Умный Малюта хорошо понимал это и, по-своему любя свою семью, бессильно злобствовал на то, что собственными руками разрушил возможное ее благоденствие, но с избранного им пути не было поворота в сторону и годами упроченную репутацию нельзя было сбросить, как изношенное платье.
В самой основе причин того ада, который он сам делал из своего «семейного очага», лежала безграничная любовь к семье, выражавшаяся, по странному свойству дьявольски эгоистичного характера Григория Лукьяновича, в том, чтобы вымещать за причиняемые им же самим несчастия близких ему людей, несчастия, несказанно мучившие его и помочь в которых он сознавал себя бессильным, этим же близким людям, ежедневное столкновение с которыми растравляло раны его колоссального самолюбия.
Был еще пятый член семьи Григория Лукьяновича, самое имя которого произносилось в доме за последнее время не только слугами, но и семейными, только шепотом, — это был сын Малюты, Максим Григорьевич, восемнадцатилетний юноша, тихий и кроткий, весь в мать, как говорили слуги, а вместе с тем какой-то выродок из семьи и по внешним качествам: красивый, статный, с прямым, честным взглядом почти детски невинных глаз, разумный и степенный не по летам, и хотя служивший в опричниках, но сторонившийся от своих буйных сверстников.
Он был любимцем не только всей семьи, но и дворни. Любил его и отец, на него возлагал все свои самолюбивые надежды на продолжение рода Скуратовых, не нынче-завтра бояр — эта мечта не оставляла Малюту.
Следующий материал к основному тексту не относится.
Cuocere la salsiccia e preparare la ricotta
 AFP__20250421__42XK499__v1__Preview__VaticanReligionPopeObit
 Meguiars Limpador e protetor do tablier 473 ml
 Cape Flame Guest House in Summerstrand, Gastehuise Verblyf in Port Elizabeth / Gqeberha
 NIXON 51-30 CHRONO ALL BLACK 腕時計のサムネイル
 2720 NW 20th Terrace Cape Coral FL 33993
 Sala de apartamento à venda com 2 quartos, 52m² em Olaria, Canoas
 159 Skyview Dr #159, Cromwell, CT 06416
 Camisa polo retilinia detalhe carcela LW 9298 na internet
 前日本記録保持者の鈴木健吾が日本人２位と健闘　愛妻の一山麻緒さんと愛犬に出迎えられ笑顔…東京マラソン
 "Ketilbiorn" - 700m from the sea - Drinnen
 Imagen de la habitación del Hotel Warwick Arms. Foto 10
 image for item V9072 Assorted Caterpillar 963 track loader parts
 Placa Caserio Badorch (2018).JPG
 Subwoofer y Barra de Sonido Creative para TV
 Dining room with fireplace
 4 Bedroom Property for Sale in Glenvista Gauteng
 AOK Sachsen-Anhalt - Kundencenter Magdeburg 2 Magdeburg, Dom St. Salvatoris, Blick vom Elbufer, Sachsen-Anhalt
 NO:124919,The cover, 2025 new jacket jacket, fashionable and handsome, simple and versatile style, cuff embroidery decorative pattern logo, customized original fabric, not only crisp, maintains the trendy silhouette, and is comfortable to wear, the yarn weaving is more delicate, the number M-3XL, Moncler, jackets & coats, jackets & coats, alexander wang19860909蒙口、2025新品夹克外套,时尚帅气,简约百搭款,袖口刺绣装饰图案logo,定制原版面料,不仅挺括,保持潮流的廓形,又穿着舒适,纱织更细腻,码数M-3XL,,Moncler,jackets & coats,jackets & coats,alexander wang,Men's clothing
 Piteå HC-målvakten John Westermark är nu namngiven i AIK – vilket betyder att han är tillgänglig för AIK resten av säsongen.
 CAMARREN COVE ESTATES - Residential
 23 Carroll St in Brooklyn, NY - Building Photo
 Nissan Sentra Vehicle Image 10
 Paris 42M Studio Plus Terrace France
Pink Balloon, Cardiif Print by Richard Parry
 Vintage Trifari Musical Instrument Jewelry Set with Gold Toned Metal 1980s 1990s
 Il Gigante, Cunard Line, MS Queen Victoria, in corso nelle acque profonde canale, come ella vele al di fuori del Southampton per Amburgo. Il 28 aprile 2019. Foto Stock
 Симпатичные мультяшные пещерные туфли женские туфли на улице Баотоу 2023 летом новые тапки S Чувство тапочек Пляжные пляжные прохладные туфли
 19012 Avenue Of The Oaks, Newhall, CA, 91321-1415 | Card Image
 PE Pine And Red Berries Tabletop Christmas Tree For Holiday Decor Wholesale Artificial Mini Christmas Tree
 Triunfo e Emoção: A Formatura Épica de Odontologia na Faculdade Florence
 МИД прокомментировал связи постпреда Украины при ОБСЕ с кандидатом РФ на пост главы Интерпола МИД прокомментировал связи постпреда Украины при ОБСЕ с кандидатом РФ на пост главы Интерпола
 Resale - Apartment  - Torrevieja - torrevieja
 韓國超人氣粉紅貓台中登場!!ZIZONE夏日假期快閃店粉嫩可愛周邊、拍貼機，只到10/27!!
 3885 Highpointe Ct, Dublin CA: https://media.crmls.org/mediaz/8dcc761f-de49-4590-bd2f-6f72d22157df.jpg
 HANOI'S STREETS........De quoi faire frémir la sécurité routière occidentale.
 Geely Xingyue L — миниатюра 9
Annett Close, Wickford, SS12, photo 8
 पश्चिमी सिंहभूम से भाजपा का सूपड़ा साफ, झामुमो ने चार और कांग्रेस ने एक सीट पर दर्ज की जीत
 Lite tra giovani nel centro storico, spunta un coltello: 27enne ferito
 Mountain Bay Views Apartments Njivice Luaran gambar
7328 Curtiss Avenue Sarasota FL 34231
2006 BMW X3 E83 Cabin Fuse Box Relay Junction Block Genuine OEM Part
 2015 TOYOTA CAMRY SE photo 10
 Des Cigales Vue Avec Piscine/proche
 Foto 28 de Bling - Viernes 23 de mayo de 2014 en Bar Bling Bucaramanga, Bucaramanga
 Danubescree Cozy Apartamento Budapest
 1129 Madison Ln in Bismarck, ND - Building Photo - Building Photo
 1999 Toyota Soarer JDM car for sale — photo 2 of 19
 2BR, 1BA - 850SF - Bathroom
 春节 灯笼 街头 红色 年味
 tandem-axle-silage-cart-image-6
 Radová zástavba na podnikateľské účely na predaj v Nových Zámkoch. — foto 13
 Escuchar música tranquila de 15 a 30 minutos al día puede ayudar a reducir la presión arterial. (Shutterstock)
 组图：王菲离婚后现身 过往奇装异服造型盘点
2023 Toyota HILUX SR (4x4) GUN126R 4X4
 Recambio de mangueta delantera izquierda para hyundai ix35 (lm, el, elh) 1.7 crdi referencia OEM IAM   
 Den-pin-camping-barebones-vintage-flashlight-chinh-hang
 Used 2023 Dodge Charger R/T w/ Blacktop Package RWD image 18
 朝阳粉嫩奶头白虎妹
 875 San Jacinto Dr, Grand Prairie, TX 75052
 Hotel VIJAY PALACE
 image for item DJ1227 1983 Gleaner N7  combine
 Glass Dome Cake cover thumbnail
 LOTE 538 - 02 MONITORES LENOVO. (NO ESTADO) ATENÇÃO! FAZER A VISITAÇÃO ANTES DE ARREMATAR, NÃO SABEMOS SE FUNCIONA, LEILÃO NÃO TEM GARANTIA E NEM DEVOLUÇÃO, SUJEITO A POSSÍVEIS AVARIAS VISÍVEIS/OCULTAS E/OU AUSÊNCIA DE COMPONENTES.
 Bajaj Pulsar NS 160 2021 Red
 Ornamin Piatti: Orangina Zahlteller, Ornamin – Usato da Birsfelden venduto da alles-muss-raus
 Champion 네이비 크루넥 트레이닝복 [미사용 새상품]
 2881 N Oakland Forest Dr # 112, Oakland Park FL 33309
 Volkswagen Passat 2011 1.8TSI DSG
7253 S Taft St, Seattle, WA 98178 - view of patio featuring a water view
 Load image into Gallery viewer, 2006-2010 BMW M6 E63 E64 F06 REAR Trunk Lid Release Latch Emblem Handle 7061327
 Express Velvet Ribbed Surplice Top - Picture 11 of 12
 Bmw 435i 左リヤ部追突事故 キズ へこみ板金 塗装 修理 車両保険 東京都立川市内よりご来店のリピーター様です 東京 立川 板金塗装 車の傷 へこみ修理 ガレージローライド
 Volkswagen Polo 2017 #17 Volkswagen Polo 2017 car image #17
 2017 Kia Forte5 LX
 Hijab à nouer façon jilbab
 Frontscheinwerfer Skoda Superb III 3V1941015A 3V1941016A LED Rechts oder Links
Царь любил Максима, часто по-детски дававшего ему прямые ответы, и жаловал его, и вдруг в одну прекрасную ночь Максим Григорьевич бежал из родительского дома и как в воду канул — пропал без вести.
Отцу он оставил «грамотку», в которой объяснял, что не может продолжать жить среди потоков крови неповинных, проливаемой рукой его отца, что «сын палача» — он не раз случайно подслушал такое прозвище — должен скрыться от людей, от мира. Он умолял далее отца смирить свою злобу, не подстрекать царя к новым убийствам, удовольствоваться нажитым уже добром и уйти от двора молиться.
«Прости твоего непокорного сына, но вечного за тебя богомольца», — так заканчивал Максим Григорьевич свою «грамотку».
— Мальчишка, молокосос! — прохрипел Малюта, окончив чтение этого письма. — Ишь, богомолец выискался, мои грехи пошел замаливать… Не замолить!.. А тебя я на дне морском сыщу, согну в бараний рог!..
Григорий Лукьянович разразился диким, злобным хохотом.
Надежды Григория Лукьяновича не сбылись: сын, как мы уже сказали, несмотря на все принятые со стороны Малюты меры, не был разыскан.
Носились слухи, что он нашел убежище у новгородского архиепископа Пимена, принес перед ним искреннюю душевную исповедь и тот скрыл его в одном из новгородских монастырей.